De volta ao Brasil e já tendo presenciado então o que havia
de mais avançado sobre o tema à época, Gonçalves Dias lamenta, em seu relatório de 1861, o estado de abandono da instrução primária pelas freguesias por onde passa. Mas, em
uma mostra de independência que o caracterizou por toda a
vida, ele irá atribuir esse fracasso, por vias indiretas, à incapacidade do tal projeto civilizatório de partir de bases reais.
Assim, criticando a falta de alunos na freguesia de Coari, o
poeta isenta parcialmente o professor responsável, pois
"ocorre que, sendo já tão mal remunerados os professores
primários, quando se lhes não façam seus pagamentos em
dia, não se poderá com justiça exigir deles muita pontualidade e exatidão". Atribui o fracasso também ao "hábito e gosto
da vida errante, que é o mal da população indígena do Amazonas", sempre em busca da pesca abundante. Em uma frase
em que demonstra percepção aguda das limitações que as
contingências socioeconômicas impunham ao projeto civilizatório, ele diagnostica que "a canoa, sim, essa é sua verdadeira propriedade; móvel, como ela, o índio continua o seu viver
instável".
Já o "Relatório de Produtos Naturais e Industriais", também
de 1861, é fruto do trabalho de uma comissão designada pelo
governo imperial para recolher e catalogar objetos da região
amazônica, com vista a expô-los nas Províncias.

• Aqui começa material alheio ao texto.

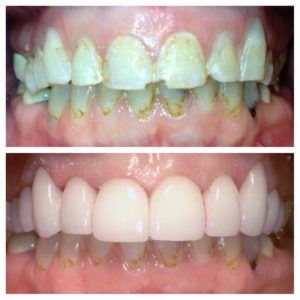 Smile Makeover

É de destacar o relatório do primeiro-tenente Rufino Luís
Tavares, a quem foi atribuída a descrição das "madeiras e
acessórios de navegação". Já então, quando a ecologia era
uma questão ainda não formulada, Tavares criticava o método de extração de madeira, "o pior possível": "Cortam um
pau para dele se tirar duas falcas (...). Em uma palavra, o machado destruidor e a incúria a nada respeitam".
Um aspecto importante e perceptível em certas passagens
do relatório do poeta, que respondia pela seção de etnografia,
é a transição abrupta do registro científico para o poético,
quando descreve, entre os objetos que coligiu, um cetro de
plumas: "Foram precisos três séculos para que a lança colossal dos velhos e antigos tuxauas se convertesse em uma haste
emplumada e sem préstimo. O chefe [..." era o que tinha direito de caminhar dianteiro na guerra, hoje é o corifeu das damas selvagens".
O livro conclui com o "Diário da Viagem ao Rio Negro",
transcrito por Lúcia Miguel Pereira e publicado pela primeira
vez como anexo a seu "A Vida de Gonçalves Dias", de 1943.
A bela edição de "Gonçalves Dias na Amazônia" teria muito
a ganhar se trouxesse um pequeno e precioso documento, a
carta datada de 20/12/1861 dirigida ao amigo Antônio
Henriques Leal. Embora a "Introdução", a cargo de Josué
Montello, traga pequenos trechos, o documento, também escrito quando da viagem ao Norte do país, irá se revelar central
para esclarecer a tensão entre o belo e sublime na obra do poeta mais complexo do romantismo brasileiro.
Marcos Flamínio Peres é editor-adjunto do Mais!.